> WORK REQUIRED:
The answer must be the lines from the one that holds "Make sure you're" through the final line of the data, copied exactly, with no pictures.

Stored items:
= Beginning of Section =
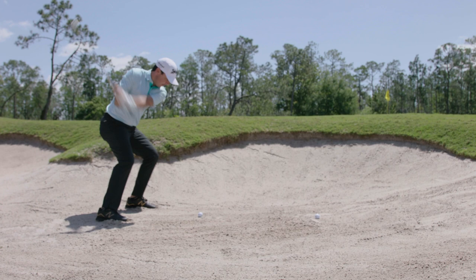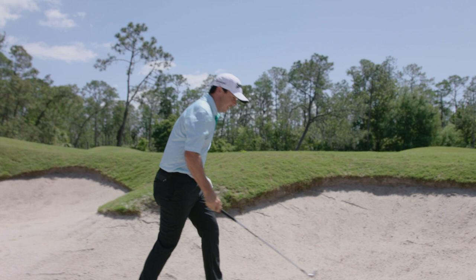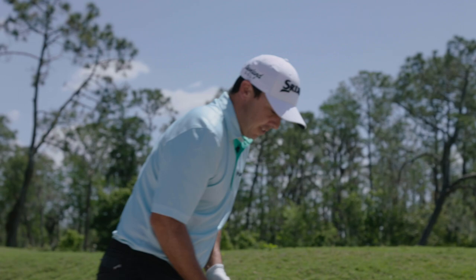I'm not making it up — it does feel better. You can really feel that sole, especially on the short shots around the greens. You can feel it going through the sand. I love this thing.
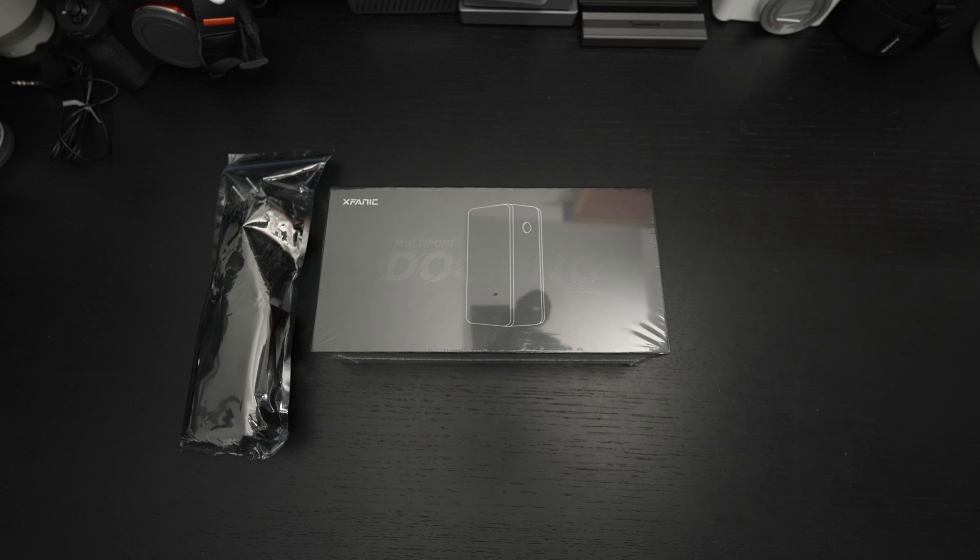Ed here with the Digital Digest, and today I wanted to share a quick unboxing and first look at the XFANUC USB4 14-in-1 docking station.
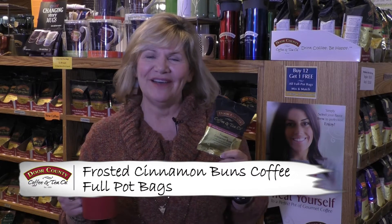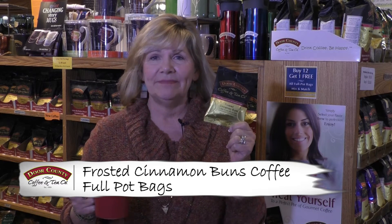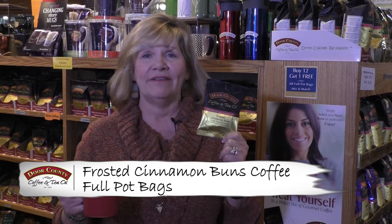Hi, Vicki Wilson with Dark Honey Coffee, and I'm here to talk to you about one of our newest flavors. It's called Frosted Cinnamon Buns, and oh my gosh, that is exactly what it tastes like. Fresh, hot cinnamon buns just out of the oven, and when you brew it, it kind of makes you feel like you've just baked.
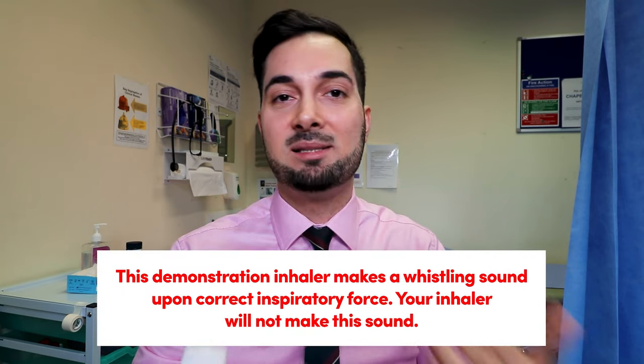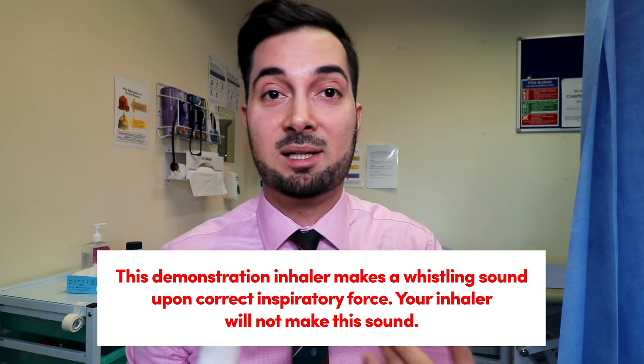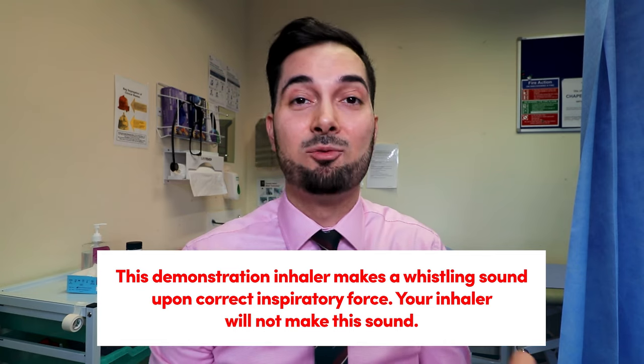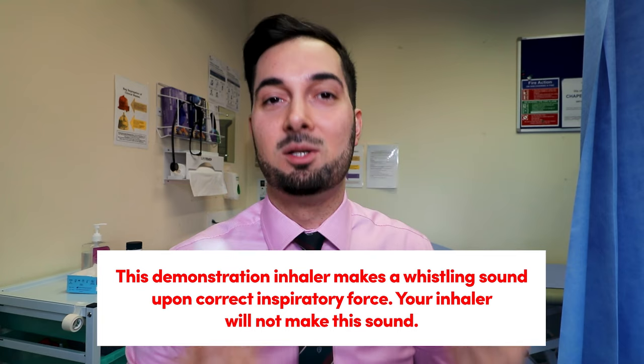Make sure you're not covering the bottom air inlet. Take a breath out first, then wrap your lips around the mouthpiece and take a deep, fairly forceful breath in — because there's no propellant, your inhalation is what draws the drug in. It requires a quite fast-paced deep breath. Take in the breath for as long as you can, then remove the mouthpiece, hold your breath for about 10 seconds or as long as you can, and then gently breathe out looking the other way.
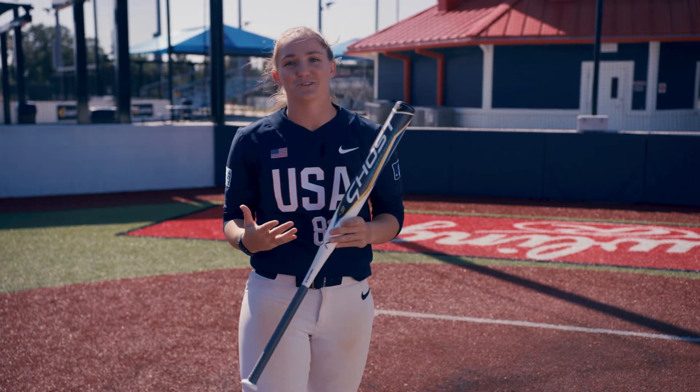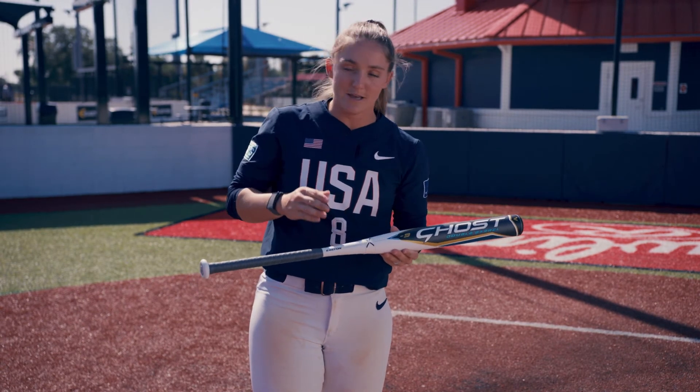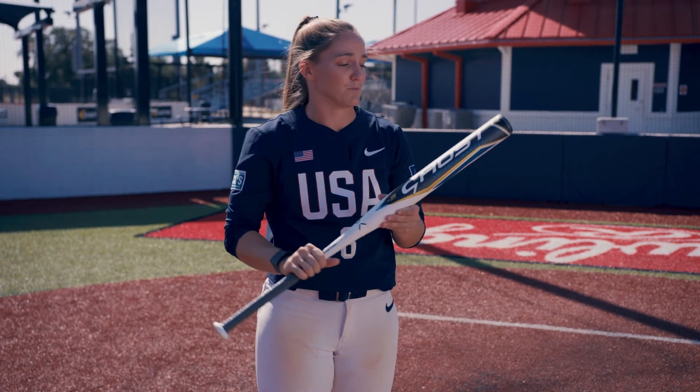And then my last couple of rounds is really just for the absolute hacks where I'm trying to hit the right center gap. I'm still staying inside the ball — that's a really big key for me. I'm extending through the second baseman and really trying to hit as many bombs as I can with my brand new ghost bat.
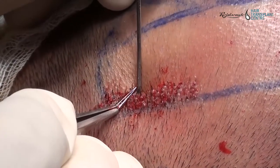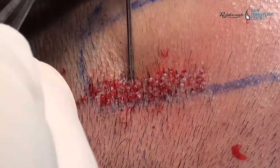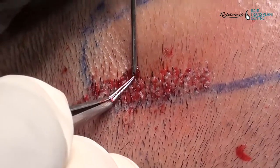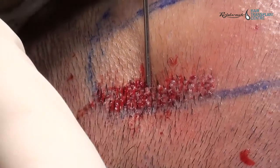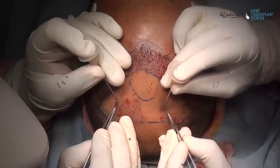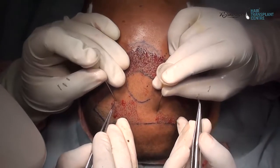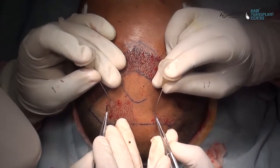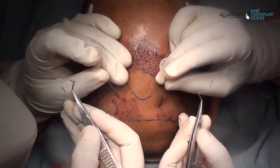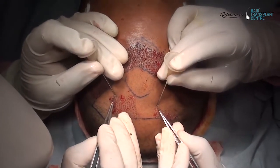To minimize trauma, a no-touch root stick-and-place technique is used, and to reduce implantation time, two implanters perform implantation simultaneously. Both implanters are of equal capability and experience, and both use 3.5x magnification.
= End of Section =
> SOLUTION FOR THIS EXERCISE:
Make sure you're not covering the bottom air inlet. Take a breath out first, then wrap your lips around the mouthpiece and take a deep, fairly forceful breath in — because there's no propellant, your inhalation is what draws the drug in. It requires a quite fast-paced deep breath. Take in the breath for as long as you can, then remove the mouthpiece, hold your breath for about 10 seconds or as long as you can, and then gently breathe out looking the other way.
And then my last couple of rounds is really just for the absolute hacks where I'm trying to hit the right center gap. I'm still staying inside the ball — that's a really big key for me. I'm extending through the second baseman and really trying to hit as many bombs as I can with my brand new ghost bat.
To minimize trauma, a no-touch root stick-and-place technique is used, and to reduce implantation time, two implanters perform implantation simultaneously. Both implanters are of equal capability and experience, and both use 3.5x magnification.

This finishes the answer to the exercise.